Capter leur population cible des 12 – 17 ans pour le tournoi FIFA, et plus particulièrement les jeunes collégiens n’est pas forcément une tâche évidente pour l’équipe jeunesse, du fait notamment des a priori de ces jeunes comme le signale Selma, une animatrice de l’équipe : “Il y en a qui viennent, ils ramènent leurs potes, ils ont une tête euh… on dirait qu’on les a forcés à venir. Au final ils repartent ils sont contents. Ils se disent ah ouais j’ai bien fait de venir. Il y en a plein qui ne savent pas ce qu’on fait déjà d’une. Et deuxièmement ils nous voient comme des adultes en mode euh…On n’est pas l’école !”. Pour parvenir à leur fin, les animateurs ont dû réaliser une communication assez poussée : “On les démarche de la rue, parce qu’ils ne connaissent pas ici. Ça veut dire : On va, on dépose des flyers, on leur propose des activités, on les démarche dans leur collège. On est parti chercher, on est parti naviguer pour leur bien” raconte Hakim. Un des buts de cette communication poussée est d’éviter qu’ils “traînent” dans le quartier, notamment en début de soirée, ce qui peut expliquer en partie le choix de l’horaire de l’activité, de 18h à 20h.
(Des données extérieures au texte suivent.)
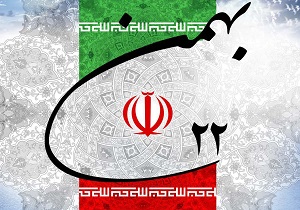 دعوت برای شرکت پرشور در راهپیمایی ۲۲ بهمن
Si l’équipe d’animateurs doit parvenir à des résultats concrets, notamment chiffrés, c’est parce qu’elle a répondu à un appel à projet lancé par la mairie de Paris. Le centre social dans lequel Dylan et Hakim travaillent est en fait géré par une association du nom de Casdal 14, spécialisée dans l’éducation populaire, par délégation de service public (DSP). Cette association gère deux autres centres sociaux dans les quartiers prioritaires du 14e arrondissement de Paris. Pour obtenir les financements demandés, pour une activité comme le tournoi Fifa, le centre d’animation doit fournir, puis remplir, des objectifs précis : “Nous, notre but, c’est de lutter contre la violence. On peut pas demander des fonds comme ça. Donne-moi, j’vais acheter une play” justifie Hakim. Dylan abonde dans son sens : “On leur explique nos projets, on leur explique ce dont nous, on a besoin, et comment on fonctionne” explique Dylan. Responsabiliser les jeunes, leur inculquer des valeurs, l’autonomie…Tout ça, c’est dans les statuts de l’association, et c’est ce qu’on fait.”


Nassim Mimouni et Stanley Christopher Antoine

Cet article a été produit en collaboration avec le Master 2 “Sociologie Politiques sociales territorialisées et Développement social urbain” de l’université de Saint‐Quentin‐en‐Yvelines.